Each film began with a colorfully animated counting sequence, followed by a number of short live-action clips in which human actors counted aloud various objects (including, in one segment, Jim as a juggler who counts three balls). At the end, a neatly pressed baker carrying a precariously balanced armful of the appropriate number of
desserts appears at the top of a short flight of stairs, dramatically announces his culinary creation (“Ten … chocolate layer … cakes!”), and immediately falls down the stairs—Jim’s educational television equivalent to ending a sketch with an explosion. “I don’t like it,” said Cooney of what she called “banana peel humor.” “Younger children—two-year-olds—they think he’s hurt.” But it would stay. With the films completed, Jim sent his usual thank-you notes to his actors, then billed CTW an even $40,000, well below the actual costs for producing the films—especially since Jim had estimated his expenses based on producing ten one-minute films, when the completed films actually ran nearly two minutes in length. In the spirit of the project, however, Jim refused to bill CTW for the overages.

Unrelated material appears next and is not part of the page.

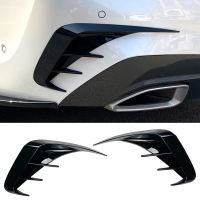 G20 Rear Bumper Lip Spoiler Side Air Vent Outlet Cover Trim for -BMW 3 Series G20 M Sport 320I 325I 330I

On July 9, 1969, only a little more than a month after the Numerosity work sessions, Jim and Oz—stocked with Ernie and Bert and a handful of generic puppets with interchangeable eyes, noses, and hair that Jim called “Anything Muppets”—spent nine days in Philadelphia taping five pilot shows for Sesame Street. The pilots were to be shown to test audiences in Philadelphia and New York, a group that included the toughest critics of all: the preschoolers who were Sesame Street’s target audience. As it turns out, the responses of this key group would result in an important change in the show’s format.
In its original pilot format, Sesame Street moved from segment to segment in a deliberate, self-aware manner, with the human cast members introducing many of the short films or animations. The Muppets would then be seen in their own segments, often referencing prior inserts, and serving as the links from one piece to the next. This gave the show the magaziney Laugh-In feel Cooney had originally envisioned, but such a format meant the Muppets were completely isolated from Sesame Street’s human cast. This had been done deliberately, and with the best of intentions. “We had been told by all our advisors that preschoolers have difficulty in differentiating between fantasy and reality,” Stone said. “So the first idea was that you would have the street—a very real-looking set with real people on it—and then you would cut away to puppets, to animation, to all the things that make up the fantasy.